Apabila kita melihat beberapa hal yang menyertainya, yaitu bahwa produk yang diiklankan adalah produk rokok A Mild yang notabene merupakan salah satu produk yang paling banyak digemari oleh pemuda di Indonesia, dan bagaimana iklan tersebut bisa bertahan begitu lama dengan beberapa parade iklannya yang sejenis, maka bisa kita simpulkan bahwa iklan dengan visualisasi sederhana tadi cukup efektif atau tepat sasaran. Bagaimana bisa? Lha wong sederhana gitu? Bukti sederhana yang telah disebutkan tadi telah membuktikan bahwa hal tersebut bisa, selama masih dalam lingkup keilmuan estetika. Meski sederhana, tidak berarti karya tersebut tidak memenuhi kriteria sebagai karya desain. Komposisinya seimbang, pemilihan warna sesuai dengan unsur yang lain, emphasis tercapai, bahkan pemilihan bentuk hurufnya meski sederhana tetapi mudah dibaca dan peletakkannya sesuai dengan konposisi keseluruhan.

Dalam komunikasi dan kreasi, yang penting adalah dampaknya. Bagaimana penerima pesan menerima dan melakukan tujuan-tujuan yang dikehendaki tentulah tidak tergantung dari seberapa banyak special effect yang dipakai, atau berapa jam yang dihabiskan waktu didepan komputer. Komunikator atau kreator adalah orang yang berusaha mengambil intisari dari keteraturan, dan chaos, dari kebebasan dan nihilisme, dan berusaha berkonsentrasi pada dampaknya (Papanek dalam Ilmansyah, 2004:5).

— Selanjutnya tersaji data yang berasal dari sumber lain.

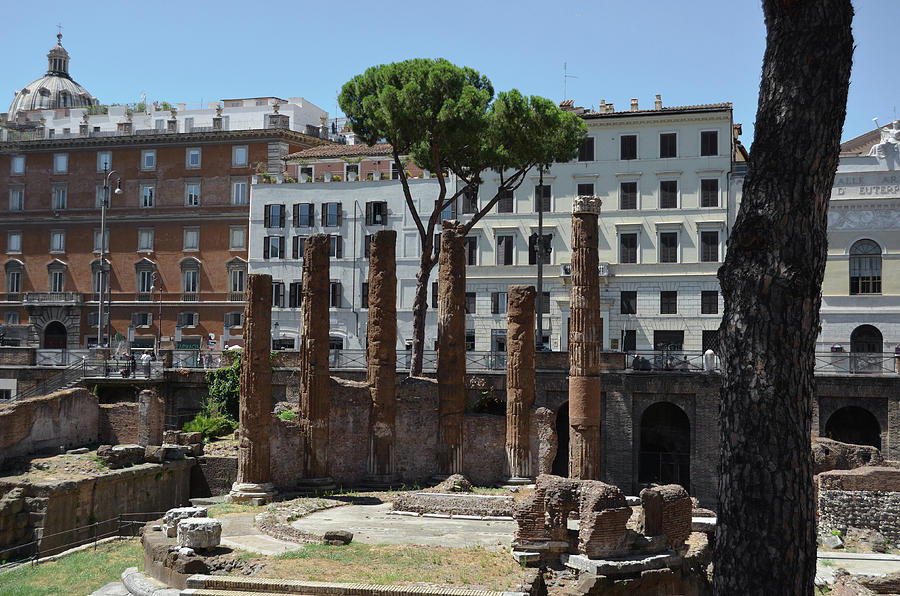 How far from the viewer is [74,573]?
755 inches

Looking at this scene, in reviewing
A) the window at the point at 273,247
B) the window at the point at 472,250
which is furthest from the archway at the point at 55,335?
the window at the point at 472,250

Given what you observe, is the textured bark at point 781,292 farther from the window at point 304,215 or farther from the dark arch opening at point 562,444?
the window at point 304,215

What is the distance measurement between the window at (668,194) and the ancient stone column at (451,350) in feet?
50.9

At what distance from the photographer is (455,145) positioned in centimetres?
3188

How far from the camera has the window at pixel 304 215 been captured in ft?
150

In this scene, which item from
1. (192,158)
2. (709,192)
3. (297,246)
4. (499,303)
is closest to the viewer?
(709,192)

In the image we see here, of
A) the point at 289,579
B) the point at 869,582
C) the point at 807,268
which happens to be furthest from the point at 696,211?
the point at 807,268

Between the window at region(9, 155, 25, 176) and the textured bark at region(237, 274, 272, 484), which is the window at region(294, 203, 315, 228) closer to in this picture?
the window at region(9, 155, 25, 176)

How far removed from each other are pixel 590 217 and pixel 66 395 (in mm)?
17467

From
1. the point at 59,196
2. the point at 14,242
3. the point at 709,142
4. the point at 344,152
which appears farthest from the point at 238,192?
the point at 709,142

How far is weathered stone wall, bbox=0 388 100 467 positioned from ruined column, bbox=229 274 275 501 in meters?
7.79

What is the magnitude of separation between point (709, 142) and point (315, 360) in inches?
838

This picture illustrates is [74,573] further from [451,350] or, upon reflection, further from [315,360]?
[451,350]

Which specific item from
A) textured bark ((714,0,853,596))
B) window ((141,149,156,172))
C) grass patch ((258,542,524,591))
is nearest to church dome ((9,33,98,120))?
window ((141,149,156,172)) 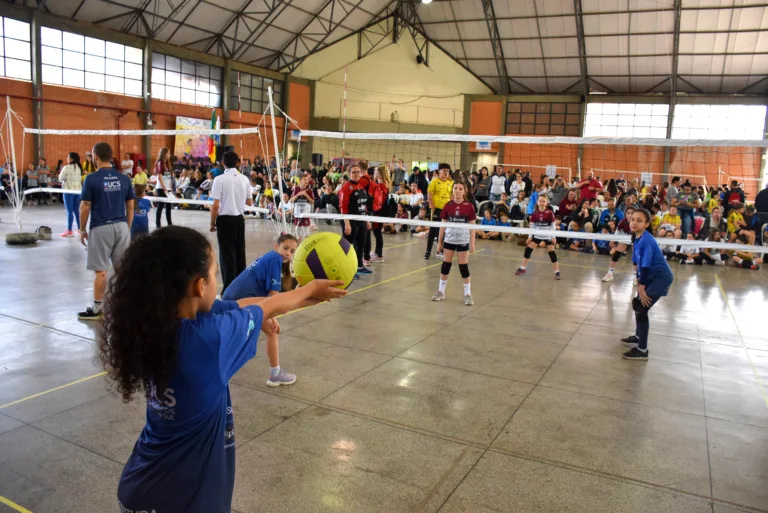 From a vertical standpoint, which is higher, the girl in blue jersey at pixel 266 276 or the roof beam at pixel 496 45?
the roof beam at pixel 496 45

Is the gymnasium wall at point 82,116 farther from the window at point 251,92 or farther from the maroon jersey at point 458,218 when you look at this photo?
the maroon jersey at point 458,218

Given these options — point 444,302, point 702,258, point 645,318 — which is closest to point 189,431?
point 645,318

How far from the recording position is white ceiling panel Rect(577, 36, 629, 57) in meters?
24.0

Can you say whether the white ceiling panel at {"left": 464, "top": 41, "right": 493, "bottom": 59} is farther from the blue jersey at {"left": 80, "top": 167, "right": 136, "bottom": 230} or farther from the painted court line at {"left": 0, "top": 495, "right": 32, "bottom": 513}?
the painted court line at {"left": 0, "top": 495, "right": 32, "bottom": 513}

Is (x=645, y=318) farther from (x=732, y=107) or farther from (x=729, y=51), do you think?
(x=732, y=107)

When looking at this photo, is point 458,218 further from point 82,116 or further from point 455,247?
point 82,116

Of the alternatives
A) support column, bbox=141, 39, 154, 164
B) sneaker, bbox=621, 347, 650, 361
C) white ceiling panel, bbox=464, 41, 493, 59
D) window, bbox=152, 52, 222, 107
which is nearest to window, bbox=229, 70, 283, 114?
window, bbox=152, 52, 222, 107

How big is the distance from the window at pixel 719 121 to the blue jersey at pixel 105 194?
26.0 m

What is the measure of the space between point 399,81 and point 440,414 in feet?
89.7

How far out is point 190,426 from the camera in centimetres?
167

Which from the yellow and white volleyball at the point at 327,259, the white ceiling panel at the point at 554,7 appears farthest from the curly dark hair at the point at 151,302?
the white ceiling panel at the point at 554,7

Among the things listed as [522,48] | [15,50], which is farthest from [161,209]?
[522,48]

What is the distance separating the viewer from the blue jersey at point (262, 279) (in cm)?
401

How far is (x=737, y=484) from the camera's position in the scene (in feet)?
10.4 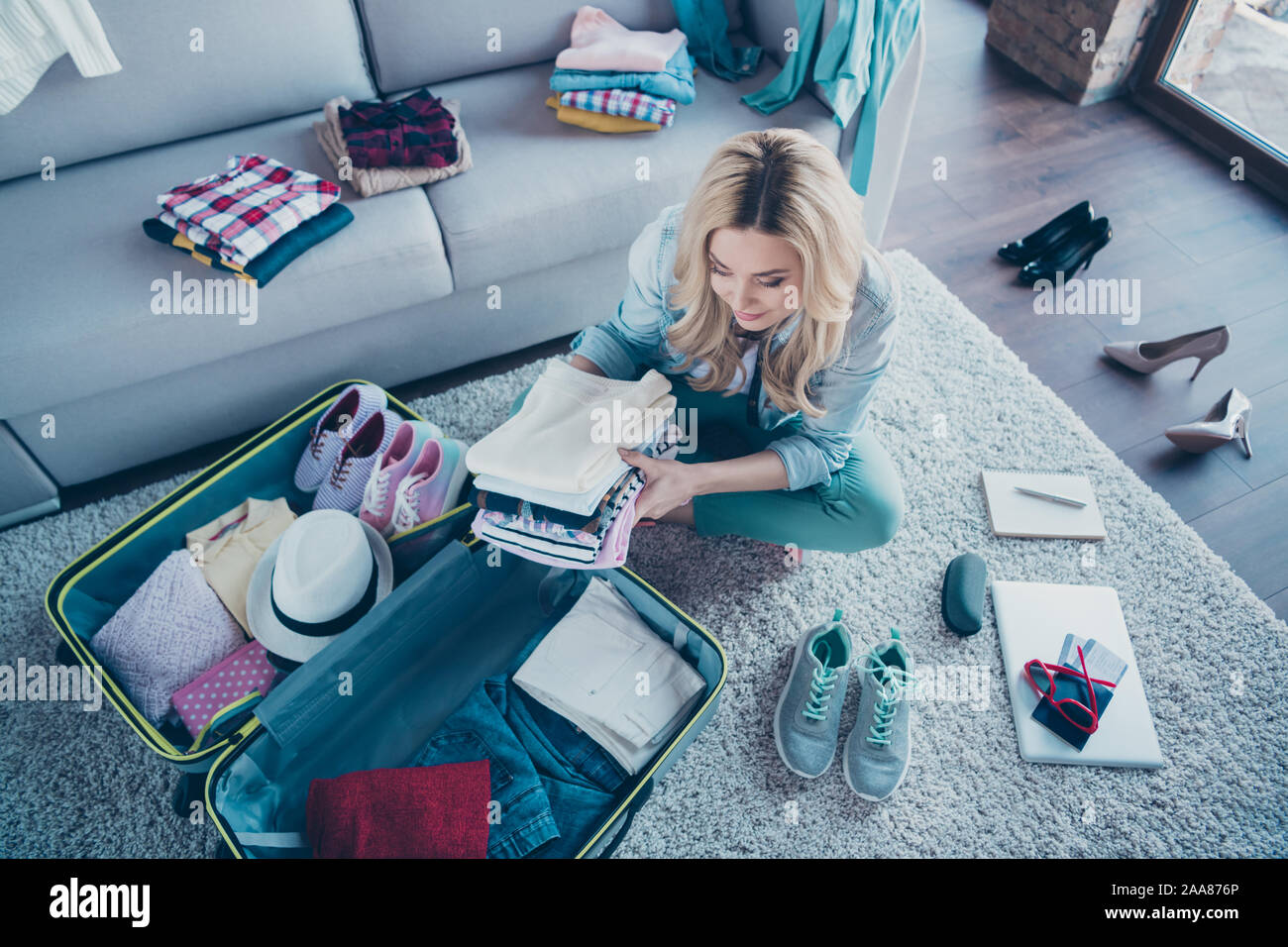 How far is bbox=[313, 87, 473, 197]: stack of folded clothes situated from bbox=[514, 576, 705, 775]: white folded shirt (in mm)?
1026

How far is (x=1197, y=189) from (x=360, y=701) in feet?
9.45

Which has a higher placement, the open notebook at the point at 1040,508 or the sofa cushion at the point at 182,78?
the sofa cushion at the point at 182,78

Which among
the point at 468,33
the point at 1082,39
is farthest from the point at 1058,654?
the point at 1082,39

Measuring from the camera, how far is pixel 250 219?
1.57 metres

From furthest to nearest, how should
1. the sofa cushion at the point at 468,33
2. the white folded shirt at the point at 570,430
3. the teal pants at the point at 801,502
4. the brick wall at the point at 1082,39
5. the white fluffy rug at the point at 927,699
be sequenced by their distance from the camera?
1. the brick wall at the point at 1082,39
2. the sofa cushion at the point at 468,33
3. the teal pants at the point at 801,502
4. the white fluffy rug at the point at 927,699
5. the white folded shirt at the point at 570,430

Dalam dunia desain komunikasi visual, yang terpenting adalah desainer harus memegang dua prinsip utama yang telah disebutkan di atas tadi. Ia harus memastikan dua prinsip tersebut berjalan seiring dan tidak membuat yang satu lebih penting dari yang lain. Pesan harus disampaikan melalui visual yang tepat. Jadi, sebenarnya sebanyak apapun efek komputer yang digunakan, selama pesan bisa tersampaikan dengan tepat dan efektif, maka hal itu sah-sah saja. Jangan sampai desainer terlalu fokus dan asyik pada visual, sedangkan visual tersebut dapat mengurangi keefektifan penyampaian pesan bahkan tidak efektif sama sekali sehingga visual tersebut tidak menjalankan fungsinya sebagai penyampai pesan. Keindahan hanyalah digunakan sebagai alat untuk dapat menyampaikan pesan secara efektif. Apabila tidak efektif, maka keindahan tersebut tidak dapat digunakan. Di sinilah letak estetika dalam dunia desain komunikasi visual.


Referensi:

www.cybermediacollege.net.id/ Desain Komunikasi Visual/ diakses tanggal 17 April 2004.

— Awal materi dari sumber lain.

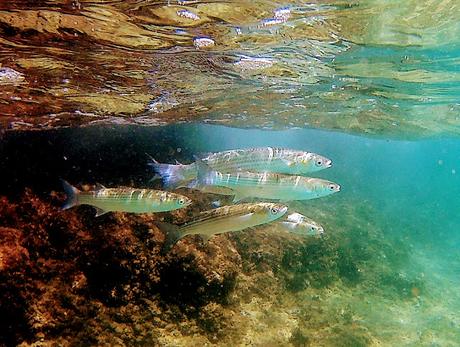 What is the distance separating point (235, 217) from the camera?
5945mm

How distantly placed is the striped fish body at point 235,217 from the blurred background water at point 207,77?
4.46m

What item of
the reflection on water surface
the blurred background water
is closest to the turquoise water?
the blurred background water

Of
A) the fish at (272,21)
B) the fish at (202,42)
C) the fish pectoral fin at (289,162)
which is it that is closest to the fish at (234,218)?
the fish pectoral fin at (289,162)

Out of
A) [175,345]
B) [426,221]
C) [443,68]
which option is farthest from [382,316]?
[426,221]

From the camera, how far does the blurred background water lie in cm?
792

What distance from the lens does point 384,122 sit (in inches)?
1007

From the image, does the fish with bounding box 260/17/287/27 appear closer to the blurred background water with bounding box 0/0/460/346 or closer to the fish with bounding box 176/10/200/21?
the blurred background water with bounding box 0/0/460/346

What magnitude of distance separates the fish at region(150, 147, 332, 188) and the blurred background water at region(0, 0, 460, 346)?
10.8ft

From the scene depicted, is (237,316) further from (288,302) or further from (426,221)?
(426,221)

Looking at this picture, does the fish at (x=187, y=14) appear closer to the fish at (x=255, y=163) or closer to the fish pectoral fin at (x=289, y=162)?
the fish at (x=255, y=163)

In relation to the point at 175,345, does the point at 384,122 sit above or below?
above

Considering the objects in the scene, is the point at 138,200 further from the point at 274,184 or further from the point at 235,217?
the point at 274,184

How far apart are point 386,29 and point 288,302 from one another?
8808 mm

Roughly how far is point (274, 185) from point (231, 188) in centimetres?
88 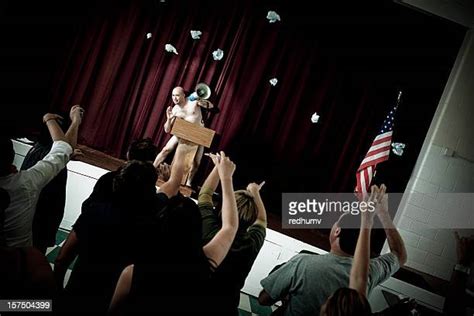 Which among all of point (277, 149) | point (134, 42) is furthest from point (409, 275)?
point (134, 42)

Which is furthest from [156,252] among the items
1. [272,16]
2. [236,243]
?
[272,16]

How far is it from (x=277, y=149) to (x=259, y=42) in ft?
5.33

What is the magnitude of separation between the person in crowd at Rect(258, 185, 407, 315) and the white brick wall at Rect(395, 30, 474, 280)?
138 inches

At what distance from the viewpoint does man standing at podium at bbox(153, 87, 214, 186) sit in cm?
501

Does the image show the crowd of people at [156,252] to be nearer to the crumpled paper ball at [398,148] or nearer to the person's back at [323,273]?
the person's back at [323,273]

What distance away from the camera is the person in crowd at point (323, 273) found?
1.67m

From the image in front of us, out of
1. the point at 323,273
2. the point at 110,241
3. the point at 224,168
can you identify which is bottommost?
the point at 110,241

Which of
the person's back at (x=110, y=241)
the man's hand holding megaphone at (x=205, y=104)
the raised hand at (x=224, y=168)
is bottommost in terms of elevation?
the person's back at (x=110, y=241)

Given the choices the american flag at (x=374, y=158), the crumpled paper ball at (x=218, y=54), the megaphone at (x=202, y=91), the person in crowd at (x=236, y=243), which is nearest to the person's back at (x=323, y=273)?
the person in crowd at (x=236, y=243)

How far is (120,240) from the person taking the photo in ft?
4.76

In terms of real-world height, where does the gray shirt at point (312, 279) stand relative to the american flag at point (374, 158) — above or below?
below

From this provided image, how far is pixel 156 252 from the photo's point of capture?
→ 1.17 m

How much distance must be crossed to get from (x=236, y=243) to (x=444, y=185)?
4328 millimetres

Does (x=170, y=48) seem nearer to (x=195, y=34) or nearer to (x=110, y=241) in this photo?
(x=195, y=34) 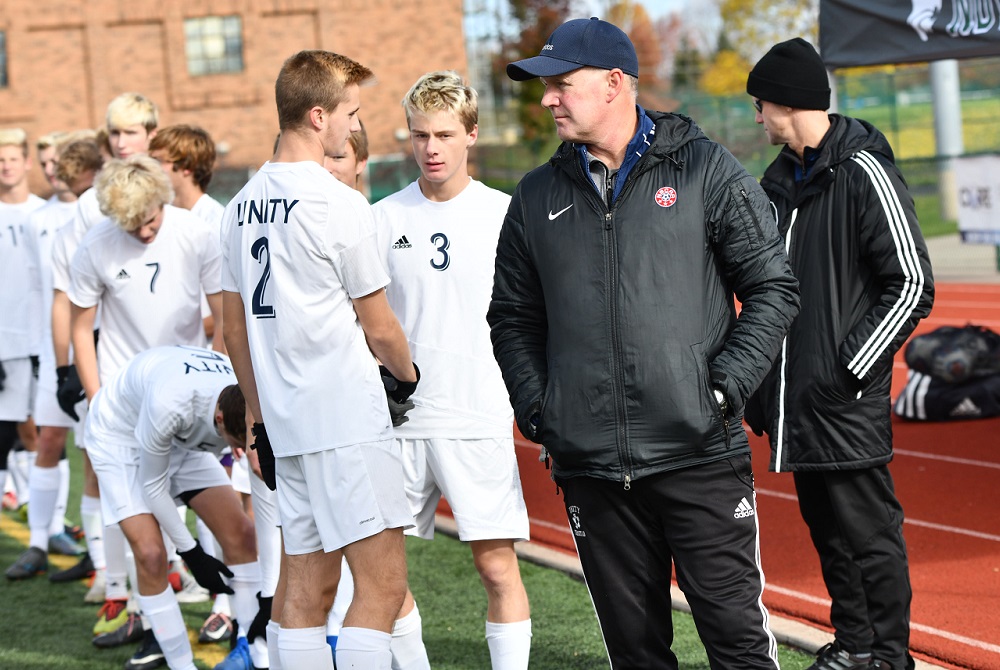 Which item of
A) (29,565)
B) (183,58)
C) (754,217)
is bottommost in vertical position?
(29,565)

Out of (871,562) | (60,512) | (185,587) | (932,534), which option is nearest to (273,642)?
(871,562)

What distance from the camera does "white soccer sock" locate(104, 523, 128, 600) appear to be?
5.84m

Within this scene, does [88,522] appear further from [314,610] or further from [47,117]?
[47,117]

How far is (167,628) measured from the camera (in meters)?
4.99

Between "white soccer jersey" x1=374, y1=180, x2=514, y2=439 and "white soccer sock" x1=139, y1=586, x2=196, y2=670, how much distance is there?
1.41 m

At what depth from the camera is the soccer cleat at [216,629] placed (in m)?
5.72

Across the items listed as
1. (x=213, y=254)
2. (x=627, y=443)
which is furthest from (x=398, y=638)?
(x=213, y=254)

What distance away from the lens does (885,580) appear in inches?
166

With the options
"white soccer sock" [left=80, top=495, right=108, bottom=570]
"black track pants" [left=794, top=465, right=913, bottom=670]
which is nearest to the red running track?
"black track pants" [left=794, top=465, right=913, bottom=670]

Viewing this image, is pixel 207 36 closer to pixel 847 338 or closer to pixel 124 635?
pixel 124 635

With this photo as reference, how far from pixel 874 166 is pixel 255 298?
2.12m

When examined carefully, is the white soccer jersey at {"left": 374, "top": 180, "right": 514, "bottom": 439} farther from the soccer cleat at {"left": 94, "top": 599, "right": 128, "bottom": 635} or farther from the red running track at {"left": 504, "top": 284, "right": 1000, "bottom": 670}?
the soccer cleat at {"left": 94, "top": 599, "right": 128, "bottom": 635}

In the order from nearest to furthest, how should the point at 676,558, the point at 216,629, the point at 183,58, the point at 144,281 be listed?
the point at 676,558, the point at 144,281, the point at 216,629, the point at 183,58

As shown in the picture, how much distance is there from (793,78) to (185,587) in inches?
164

Anwar L.Ph., Wadjiz, 1980, Filsafat Estetika, Nur Cahaya, Yogyakarta.

Encyclopedia Britannica. Volume 7. 1956. Encyclopedia Britannica Inc. USA, Hlm 259.

Ilmansyah, Fahmi, Desain Grafis Kita Diantara Kungkungan Proses Perancangan Berbasis Komputer, DKV FDS, 2004.

Papanek, Victor, The Green Imperative, Thames and Hudson, London, 1995.

Schmitt, Bernd, dan Alex Simonson, Marketing Aesthetics, Free Press, New York, 1997.